SO all over my FB wall are posts about the movie RED TAILS. I am a strong advocate of supporting films with black actors in general, and i don't even hate on George Lucas cuz I like the original Star Wars trilogy :) Yoda is a life philoshoper...lol..
but I have serious reservations as I've been on a hollywood ban of any story about black people or people of color that insists on promoting either black subordination or white hero syndromes (Avatar, Blind Side,The Help, Precious, etc).
But the different opinions on this i've seen have been pretty interesting...As a student and teacher of AFAM history, I am particularly interested in our racialized understanding of not only that time in history but hollywood today...
This note is a reply to one FB post about Red Tails.

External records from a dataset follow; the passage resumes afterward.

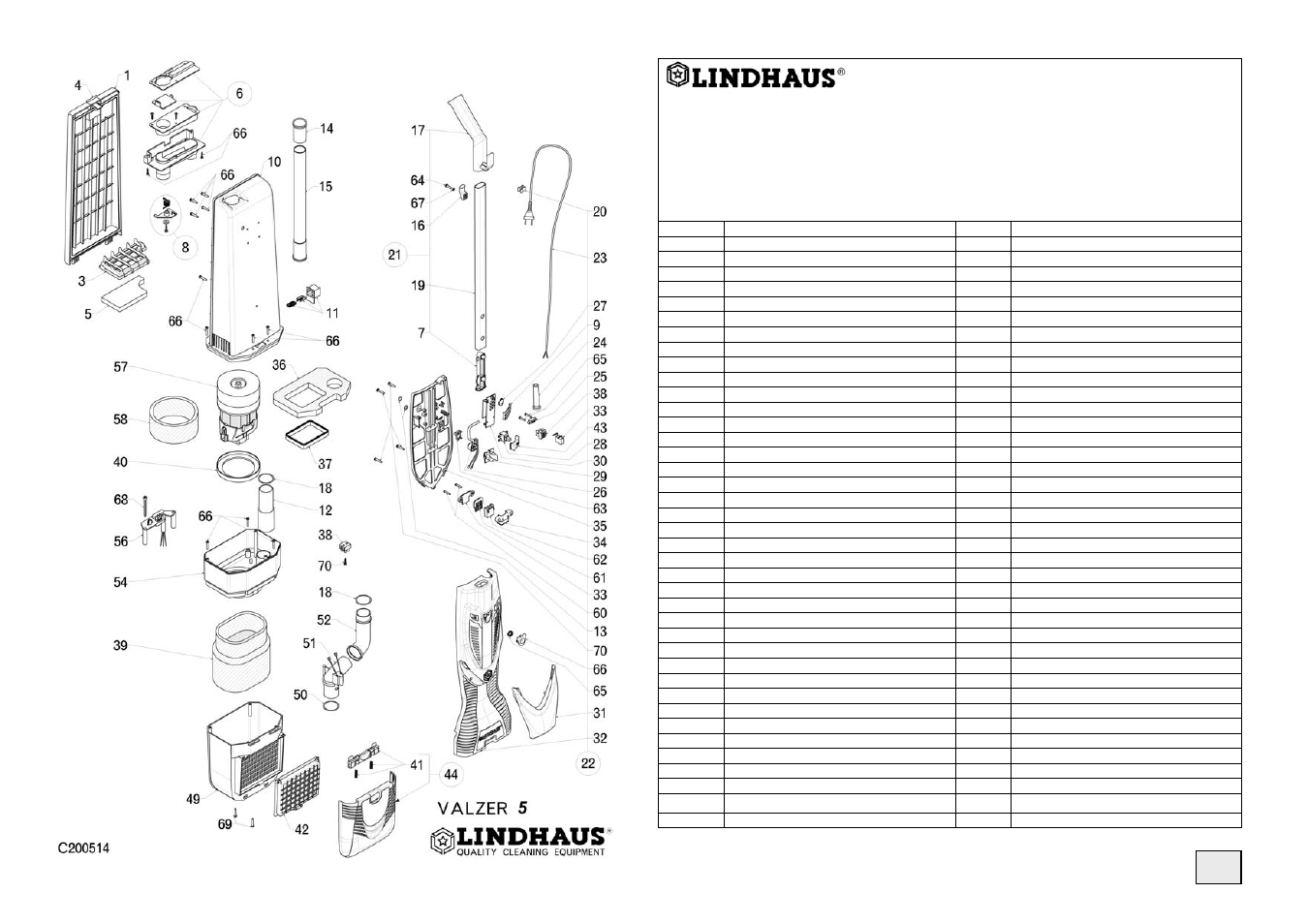 Pag.13 part list body, Valzer 5 class a, Suction body | Corpo aspirante saugkörper, Corps aspirant cuerpo aspirante | Lindhaus Valzer 5 Class A User Manual | Page 13 / 16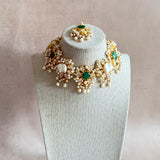 Maliha Green Pearl Choker Set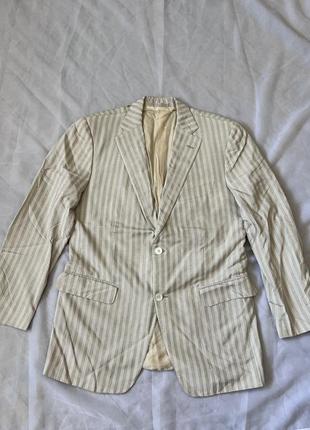 Бежевый шелковый пиджак baldessarini italy оригинальный в полоску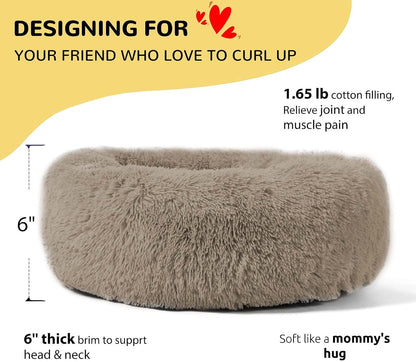 Calming Donut Cuddler Dog Bed, Round Fluffy Pet Bed with Sewn-in Cushion for Large Dogs,Washable, Large, Taupe, 30''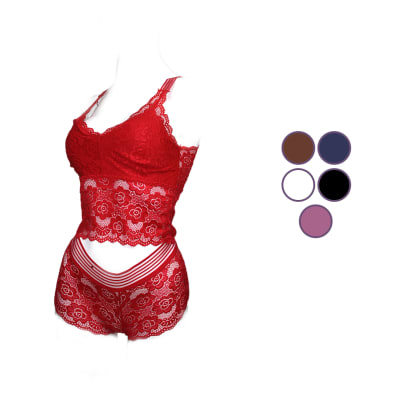 CONJUNTO BRALETT Y PANTALETA DE ENCAJE PACK 6 UNIDADES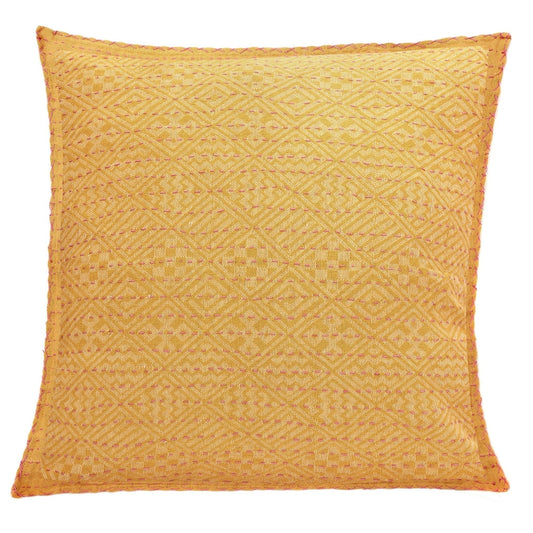 Artisan Hand Loomed Cotton Square Pillow - Yellow Diamond - 24" Arcadia Home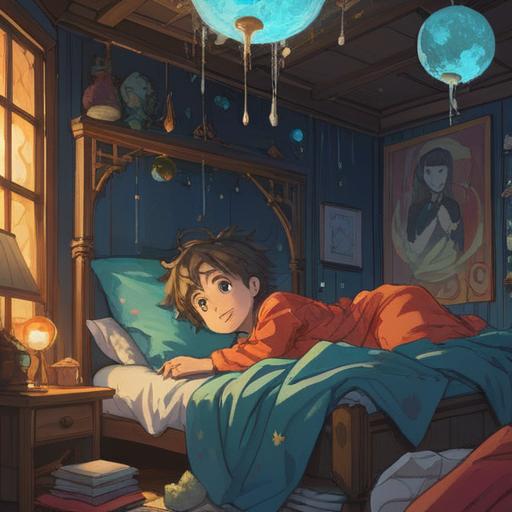 A dreamlike illustration of a child lying in bed with a fever, surrounded by glowing orbs representing spiritual energy, ethereal light filtering through the window, a calming atmosphere, gentle flowing colors, symbols of healing and warmth, whimsical details of fairy-like creatures watching over, 4k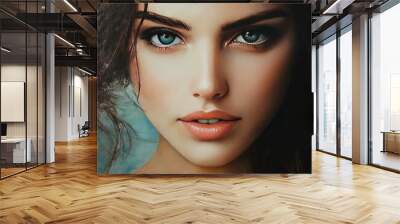 Beautiful woman with a soft expression Wall mural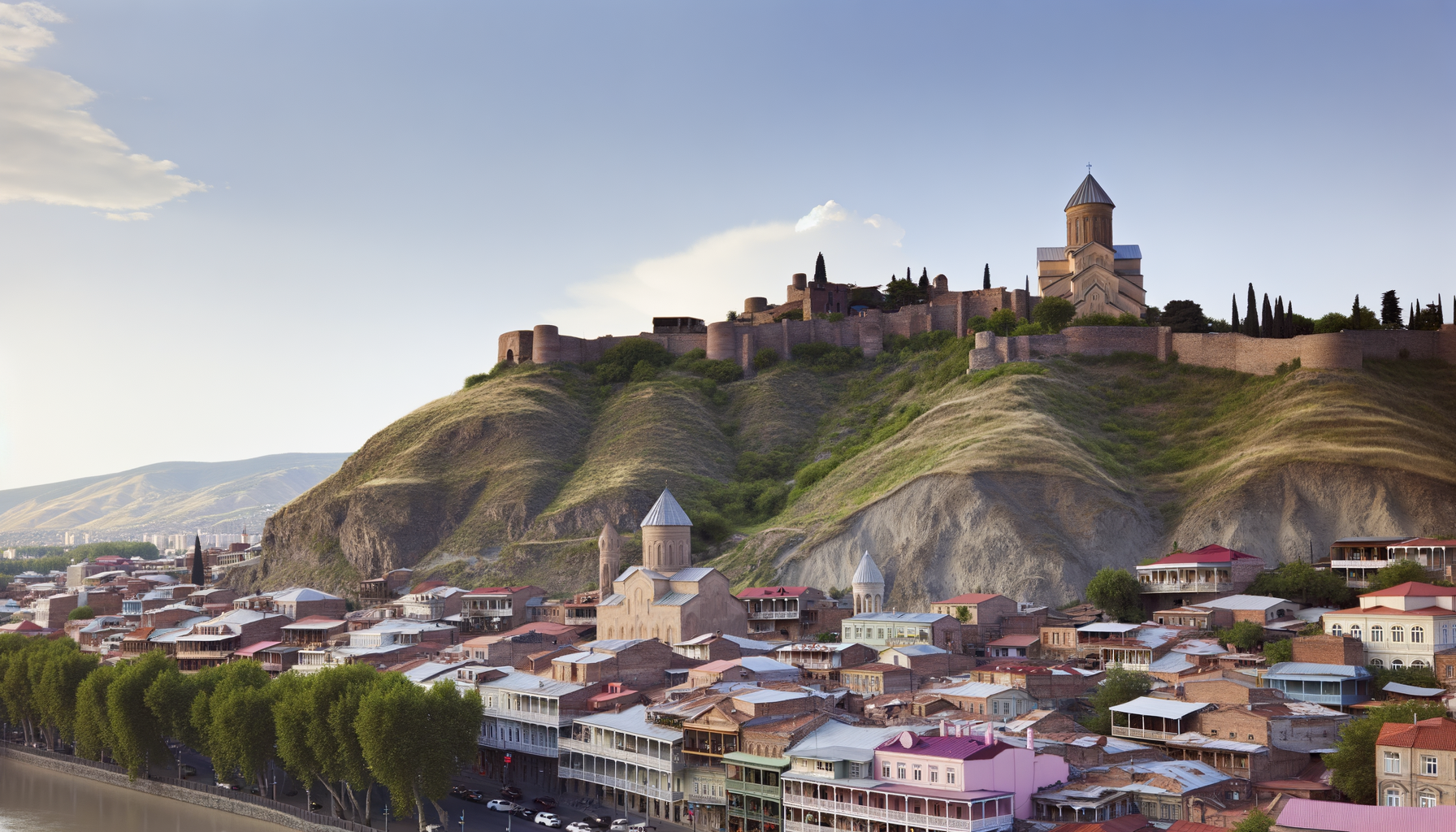 Tbilisi old town climbing a hillside toward the ridge under a clear sky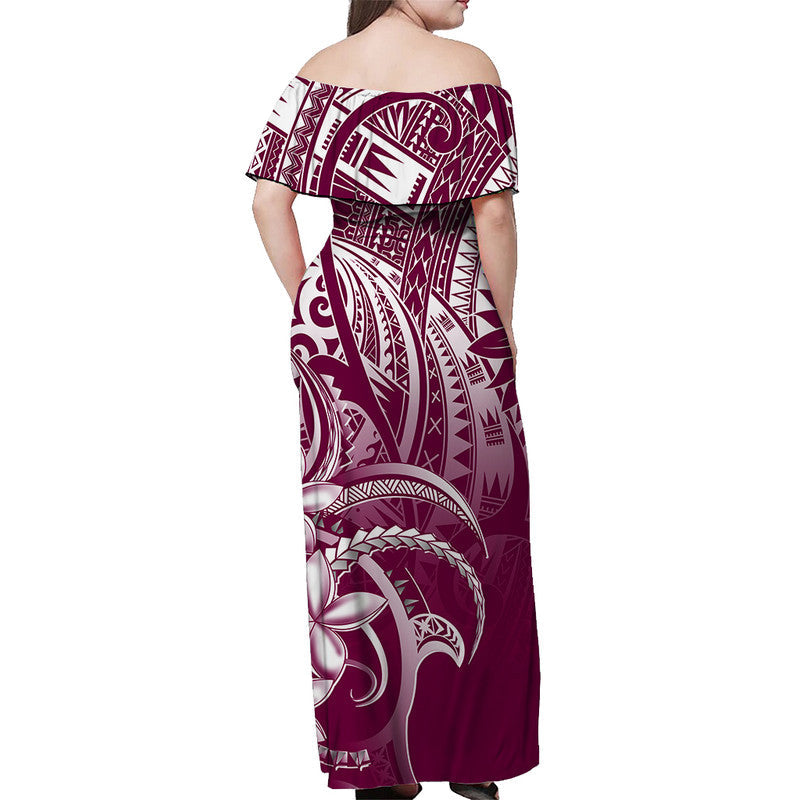 Polynesian Pride Off Shoulder Long Dress Polynesia Tribal Royal Pink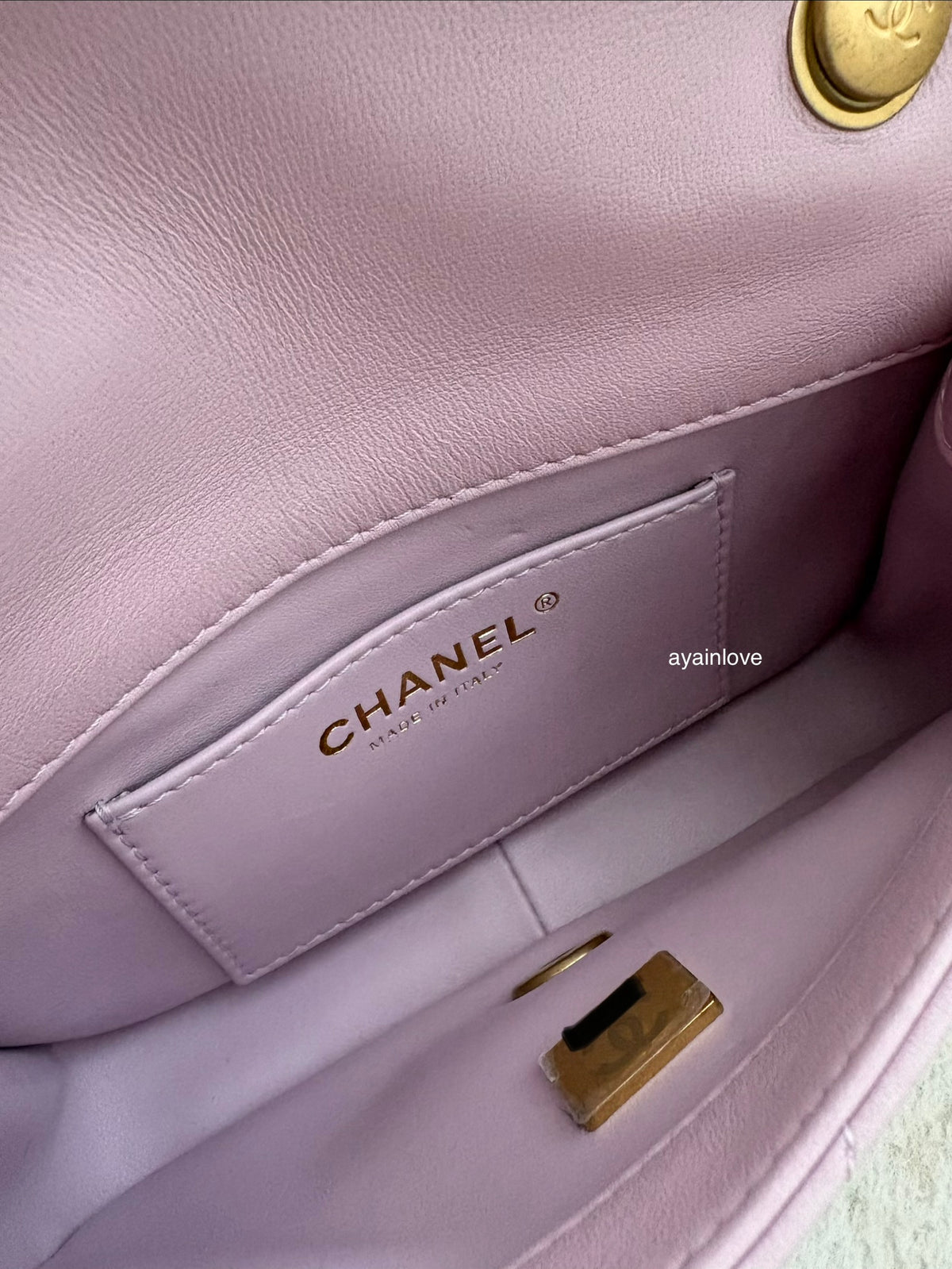 CHANEL 24S Pink Lambskin Twin Pearls Quilted Mini Flap Bag Adjustable Gold Hardware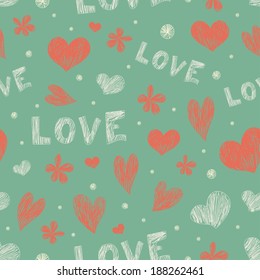 Love seamless pattern. Doodle hearts on blue background. Ideal for textile, wallpaper, wrapping, web pages, etc.
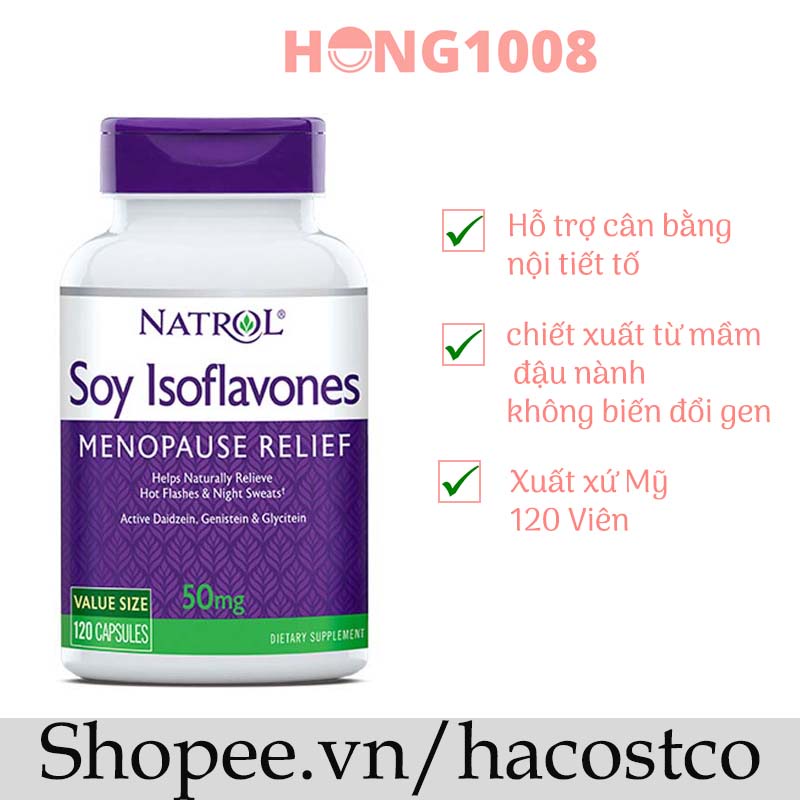 Viên Uống Natrol Soy Isoflavones 50mg Mầm Đậu Nành Cho Nữ 120 viên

"EXTRACT RACIAL PRIDE FROM THE DISCUSSION AND "RED TAILS" IS JUST A MOVIE ABOUT MEN KILLING PEOPLE."
part of my reply =
Context is EVERYTHING, and there is NO extracting from it. while i honestly do appreciate your humanist bend, ignoring "race" (which is a social construction) in a totally racialized world and history is not the answer. one of the reasons there was racial pride in the Tuskegee airmen = Jim Crow ruled at home and lynchings were commonplace....remember those? and trust me RACE MATTERED in lynchings. So black folks of that era lived in a context where their skin could truly be their sin still. so for you in one flip remark to say that folks should not feel pride in the history they have endured and still [I] rise above it all (literally for red tails )speaks more to your issues than theirs. The only reason you can now talk all the shit you talk so freely is because of SACRIFICES of PROUD BLACK PEOPLE that came before you that endured pain you'll never understand because of an "unreal" thing such as race that had very real consequences for their lives.
personally, i wasn't planning to see Red Tails because i don't need to see any more hollywood movies that insist telling stories of our history by throwing in white main benevolent characters to make it "marketable" and palatable to "mainstream" audiences...read white.
There is a movie i just watched (again) that is of the same era and gives you a great sense of why race matters...The Great Debaters.Whites played the roles they should have played in that story...as subjects in black life: as oppressors, as authorities (sheriffs), as fellow community members that they lived amongst in the South (sharecroppers) but there was NO white hero...no significant white character. And unlike Red Tails, Black women were represented.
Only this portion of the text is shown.